» Provided data:
+++++
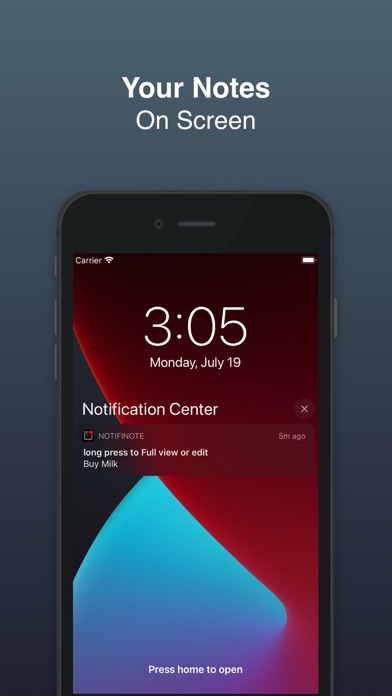 NotifiNote: Notification Notes screenshot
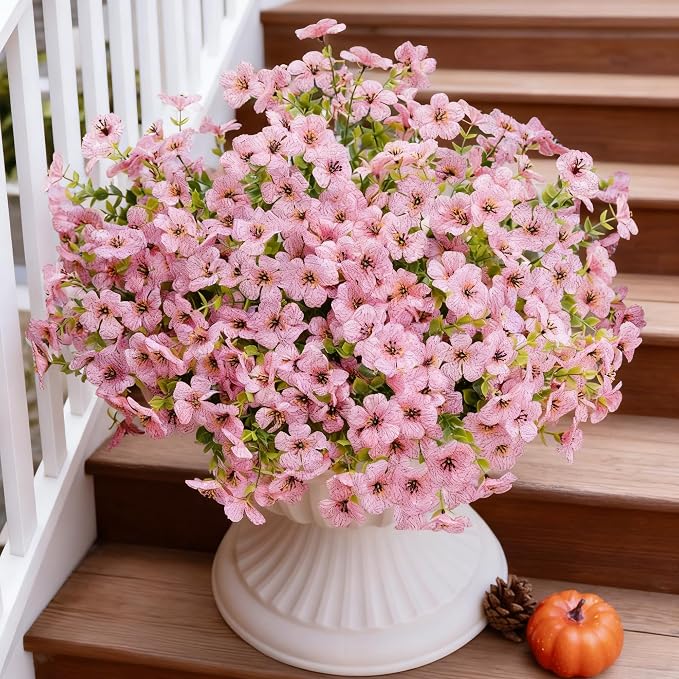 Artificial Faux Flowers Plants for Outdoors Spring Summer Decoration, 12 - Image 8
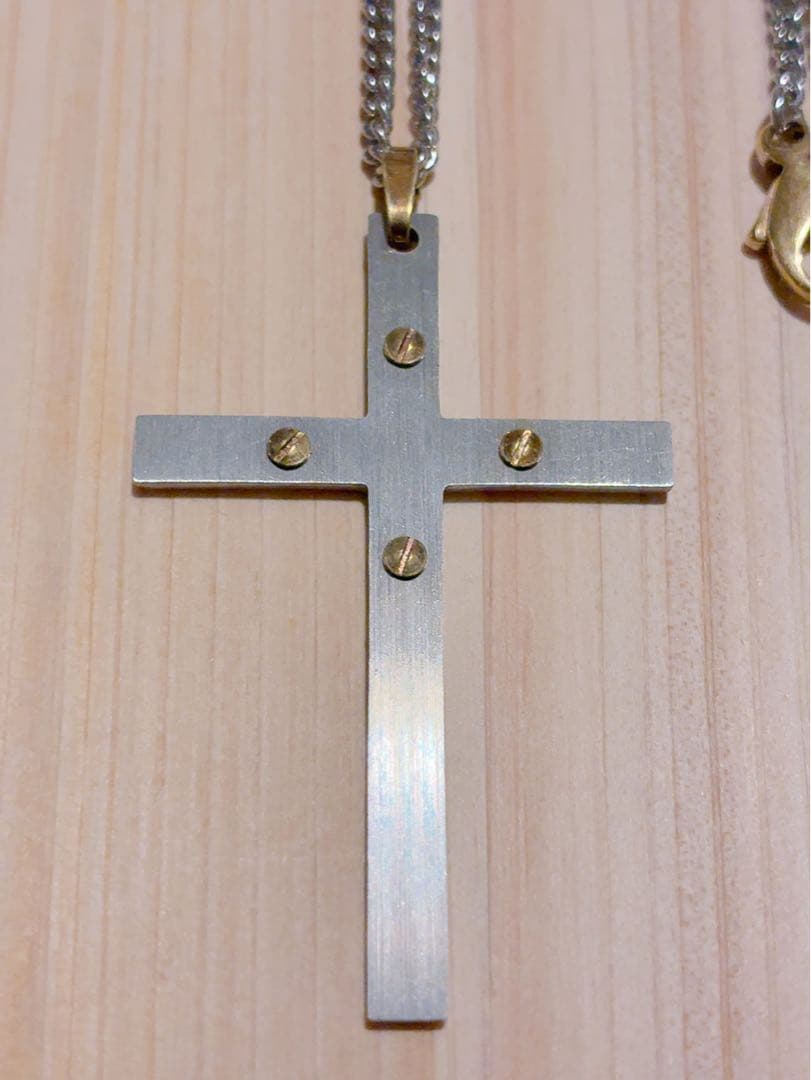 ドイツSPEIDELステンレス＋24Kメッキ『十字架』ペンダント: ヴィンテージ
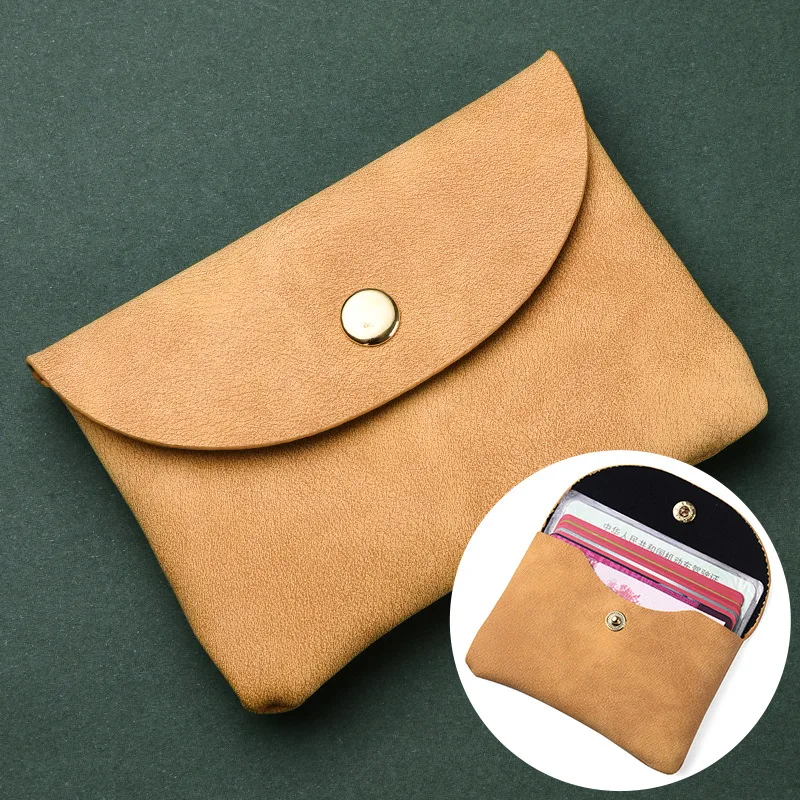 Vintage-Inspired Double Layer Coin Purse - Soft PU Leather Wallet with Multi-Pocket Zipper Bag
+++++
» Work to be completed: The output must match, line for line, the span from the line containing "Artificial Faux Flowers" through the end of the data, with the pictures removed.

» Answer section:
 Artificial Faux Flowers Plants for Outdoors Spring Summer Decoration, 12 - Image 8
 ドイツSPEIDELステンレス＋24Kメッキ『十字架』ペンダント: ヴィンテージ
 Vintage-Inspired Double Layer Coin Purse - Soft PU Leather Wallet with Multi-Pocket Zipper Bag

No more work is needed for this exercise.